Bone morphogenic protein pathway - hemojuvelin • Member of family of repulsive guidance molecules (RGMs) - coreceptors of BMP receptors. • Chromosome 1. • Disruptive mutations cause juvenile haemochromatosis. • 2 forms - • GPI linked membrane form - stimulates BMP signalling and hepcidin expression. • Soluble HJV (sHJV) - antagonist of BMP signalling.
Hepcidin regulation by iron • Production stimulated by increased plasma iron and tissue stores. • Negative feedback - hepcidin decreases release of iron into plasma (from macrophages and enterocytes). • Fe-Tf increases hepcidin mRNA production (dose dependent relationship).
Hepcidin regulation by iron - iron sensors • HFE interacts with TfR1, but dissociates when Fe-Tf binds to TfR1. • Amount of free HFE proportional to Tf-Fe. • TfR2 – Tf-Fe stabilises TfR2 protein in dose dependent fashion. • Fe-Tf binding increases fraction of TfR2 localizing to recycling endosomes, decreases fraction of TfR2 localizing to late endosomes where it is targeted for degradation. • TfR2 competes with TfR1 for binding to HFE. • HFE-TfR2 may regulate hepcidin expression by promoting HJV/BMP signalling, impacting upon hepcidin expression.

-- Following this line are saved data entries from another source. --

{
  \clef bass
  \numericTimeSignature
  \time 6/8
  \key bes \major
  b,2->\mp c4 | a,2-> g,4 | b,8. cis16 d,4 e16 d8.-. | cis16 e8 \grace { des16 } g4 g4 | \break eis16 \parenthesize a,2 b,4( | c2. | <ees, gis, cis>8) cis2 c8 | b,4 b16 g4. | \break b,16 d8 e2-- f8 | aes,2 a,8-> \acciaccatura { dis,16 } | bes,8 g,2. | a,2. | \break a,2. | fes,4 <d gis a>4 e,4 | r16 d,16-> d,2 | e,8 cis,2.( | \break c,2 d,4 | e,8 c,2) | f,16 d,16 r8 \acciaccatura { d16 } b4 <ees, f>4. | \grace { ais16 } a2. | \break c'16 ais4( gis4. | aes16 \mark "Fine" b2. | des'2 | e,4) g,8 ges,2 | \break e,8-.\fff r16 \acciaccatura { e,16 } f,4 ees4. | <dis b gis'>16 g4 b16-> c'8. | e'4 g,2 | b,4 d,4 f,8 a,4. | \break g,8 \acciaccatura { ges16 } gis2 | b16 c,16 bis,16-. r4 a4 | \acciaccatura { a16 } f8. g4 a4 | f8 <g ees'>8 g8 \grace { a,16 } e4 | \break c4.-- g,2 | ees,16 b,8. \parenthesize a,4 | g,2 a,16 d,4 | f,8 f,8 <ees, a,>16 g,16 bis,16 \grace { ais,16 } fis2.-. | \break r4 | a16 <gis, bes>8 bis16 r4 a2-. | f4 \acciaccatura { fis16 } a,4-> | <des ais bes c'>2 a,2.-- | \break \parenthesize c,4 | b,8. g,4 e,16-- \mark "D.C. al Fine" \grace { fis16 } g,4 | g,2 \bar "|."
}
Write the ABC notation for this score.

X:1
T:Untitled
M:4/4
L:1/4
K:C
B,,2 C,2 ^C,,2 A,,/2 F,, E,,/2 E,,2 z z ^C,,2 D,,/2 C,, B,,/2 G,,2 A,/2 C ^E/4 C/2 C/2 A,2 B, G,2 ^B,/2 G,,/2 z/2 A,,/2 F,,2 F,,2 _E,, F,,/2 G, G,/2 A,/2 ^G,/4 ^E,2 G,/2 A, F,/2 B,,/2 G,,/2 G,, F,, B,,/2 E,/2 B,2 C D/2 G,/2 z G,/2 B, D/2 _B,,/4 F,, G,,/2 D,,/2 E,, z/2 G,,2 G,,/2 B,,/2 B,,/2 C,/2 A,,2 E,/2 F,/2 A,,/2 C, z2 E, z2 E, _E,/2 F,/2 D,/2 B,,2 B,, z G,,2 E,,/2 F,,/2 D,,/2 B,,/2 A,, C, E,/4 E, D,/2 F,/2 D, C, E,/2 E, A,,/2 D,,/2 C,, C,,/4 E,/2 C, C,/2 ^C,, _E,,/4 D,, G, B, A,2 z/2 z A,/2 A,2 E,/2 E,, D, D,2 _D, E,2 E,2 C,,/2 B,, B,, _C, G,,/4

Hepcidin regulation by erythropoietic activity • Hepcidin decreased in iron-deficiency anaemia, hereditary anaemias with ineffective erythropoiesis, and mouse models of anaemia from bleeding and haemolysis. Response not seen when erythropoiesis suppressed. • Allows greater availability of iron for erythropoiesis. • Degree of anaemia by itself doesn’t seem as important. • Nature of erythropoietic regulator of hepcidin is unknown – proteins secreted by developing erythrocytes?
Hepcidin regulation by erythropoietic activity • Mechanism particularly important in iron-loading anaemias. • Urinary hepcidin very low in untransfused patients with thalassaemia intermedia, despite high serum and tissue iron levels. • Very high erythropoietic activity overrides hepcidin regulation by iron. • Severe hepcidin suppression leads to increased iron absorption and development of lethal iron overload.

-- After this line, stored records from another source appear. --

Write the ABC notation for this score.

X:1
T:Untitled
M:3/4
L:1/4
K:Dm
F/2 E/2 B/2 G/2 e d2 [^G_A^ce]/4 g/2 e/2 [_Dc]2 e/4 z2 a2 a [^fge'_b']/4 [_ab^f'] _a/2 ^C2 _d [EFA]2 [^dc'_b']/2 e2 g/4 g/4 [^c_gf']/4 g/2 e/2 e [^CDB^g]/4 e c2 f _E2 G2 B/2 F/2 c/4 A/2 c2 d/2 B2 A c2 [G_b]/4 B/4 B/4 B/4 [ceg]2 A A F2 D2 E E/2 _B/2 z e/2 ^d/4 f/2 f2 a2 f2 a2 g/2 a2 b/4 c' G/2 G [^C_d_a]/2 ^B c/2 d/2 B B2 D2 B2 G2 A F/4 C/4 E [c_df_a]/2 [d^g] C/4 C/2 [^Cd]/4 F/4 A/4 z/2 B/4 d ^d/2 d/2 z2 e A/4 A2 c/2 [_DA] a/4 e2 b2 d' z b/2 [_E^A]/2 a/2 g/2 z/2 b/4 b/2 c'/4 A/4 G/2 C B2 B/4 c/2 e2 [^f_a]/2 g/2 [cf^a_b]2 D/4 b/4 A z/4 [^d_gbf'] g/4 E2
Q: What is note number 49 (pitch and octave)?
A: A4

Hepcidin regulation by erythropoietic activity - GDF15 • Member of TGF-b superfamily, mediates hepcidin suppression in thalassaemia. • Secreted during erythroblast maturation. • Suppresses hepcidin mRNA production in primary human hepatocytes. • Uncertain whether GDF15 plays role in pathogenesis other than that of ineffective erythropoiesis. • Levels much lower in sera of sickle cell anaemia, MDS.
Hepcidin regulation by hypoxia • Physiological relevance uncertain. • Hypoxia-inducing factor (HIF) is the main mediator of oxygen-regulated gene expression. • VHL deficiency results in VHL protein deficiency, hence stabilisation of HIF. Resultant decrease in hepcidin levels.
Hepcidin regulation by inflammation • IL-6 a prominent inducer of hepcidin, through STAT-3 dependent transcriptional mechanism. • Other cytokines may also induce hepcidin independent of IL-6. • Macrophage also express hepcidin in response to micobial stimulation. • Hepcidin may function in autocrine manner to degrade macrophage ferroportin, causing local retention of iron in macrophages. • Inflammatory stimuli acting through TNFa suppresses HJV mRNA, thus perhaps preventing iron-regulatory pathway from suppressing hepcidin during hypoferraemia of inflammation.
Iron refractory iron deficiency anaemia (IRIDA) • IDA unresponsive to oral iron supplementation, partially responsive to parenteral iron administration. • Likely autosomal recessive. • ?22q12-13 – encodes type II transmembrane serine protease (matriptase-2), primarily expressed in liver. • Defect in iron uptake.
IRIDA • Elevated urinary hepcidin cf. normal iron deficiency. • ?reason for failure to absorb iron despite iron deficiency. • Still unclear how mutations lead to ainappropriately elevated hepcidin. • Negative regulator of hepcidin transcription in mouse models.